Does the shift within the Republican party towards protectionism matter? Is focusing on the political economy of trade a more illuminating way to see the new Republican administration than to focus on Trump and his endless media circus. Have we been playing the “man not the ball”? That was the question I put in a blog post a few days back.

https://adamtooze.com/2017/03/17/americas-political-economy-trump-new-protectionist-alignment/

The reactions to my post by two friends Ted Fertik and Anusar Farooqui (follow Anusar’s blog here) were deflationary (see Facebook). Anusar doubts that we are seeing the emergence of a new Republican protectionist coalition in the manner of the late 19th century: “My sense is that we are certainly not close to that kind of consensus” “the globalist-neoliberal coalition is much, much broader than “auto industry, IT, textiles, retail.” (the sectors I had singled out). “It includes Wall Street, internationally-oriented manufacturers, oil companies, and other multinationals. It is still extremely powerful and it will fight tooth and nail to preserve the finance-led, neoliberal global order. It may yet prevail. Trump might even have to give up almost entirely on his economic nationalist agenda under pressure from this coalition.

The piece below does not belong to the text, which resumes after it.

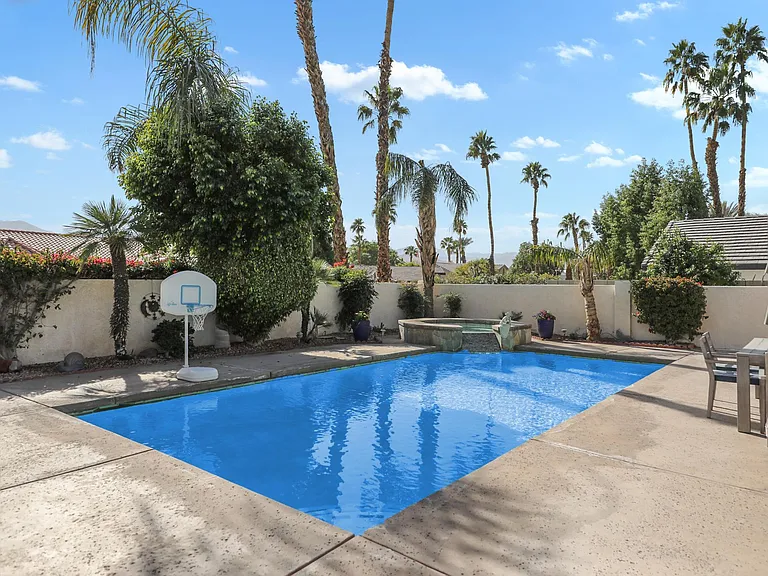 79420 Four Paths Ln #79420 — Photo 5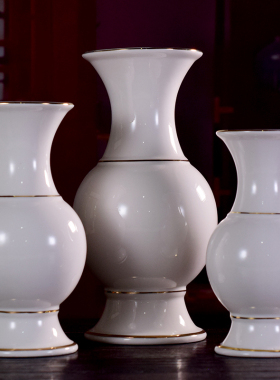 家用供佛佛前白色陶瓷描金供具香炉水果供盘圣水杯花瓶香桶筒烛台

We shouldn’t underestimate Rocky Balboa just cause he lost the last round.”

Ted’s deflation was even more radical, but points in a slightly different direction. Ted doesn’t think that the shift to economic nationalism within the Republican Party is surprising. It has been foreshadowed for years, for instance by Pat Buchanan. On this see Tim Shenk’s insightful long read. “My view is that what is impressive is not Trump’s effect on the electorate. What is impressive is just how tight the grip of the Chamber and capital generally has been on the Republican Party, such that up until Trump it was impossible for any Republican candidate to be taken seriously who did not espouse orthodoxy on trade, and even to a certain extent on immigration, despite the fact that the base of the Republican party is as nationalist and xenophobic as it so obviously is. That’s why so many Republican voters were elated to have Trump as a candidate — he was giving them what they had wanted for years, but that no other Republican had been willing to risk offering.” In part the Republican elite can pull this off because, according to Ted, “For decades trade has not been a top issue for more than a fraction of the U.S. electorate” As far as the business elite are concerned, “I suspect that they are actually not that worried about what Trump will be able to accomplish on trade, maybe with the exception of the auto industry, since it in particular is so heavily invested in a Mexico-based supply chain. There have been no major new trade deals in years and yet this does not seem to have been any particularly big problem for the Chamber of Commerce and its allies. … deregulation is worth far, far more to them” “If business interests within the Republicans can live with Trump’s blustering about trade, but keep him from actually starting a trade war with China, they won’t have too much to worry about.” Whatever NAFTA renegotiation happen, Ted predicts, will be no more than “scraps”.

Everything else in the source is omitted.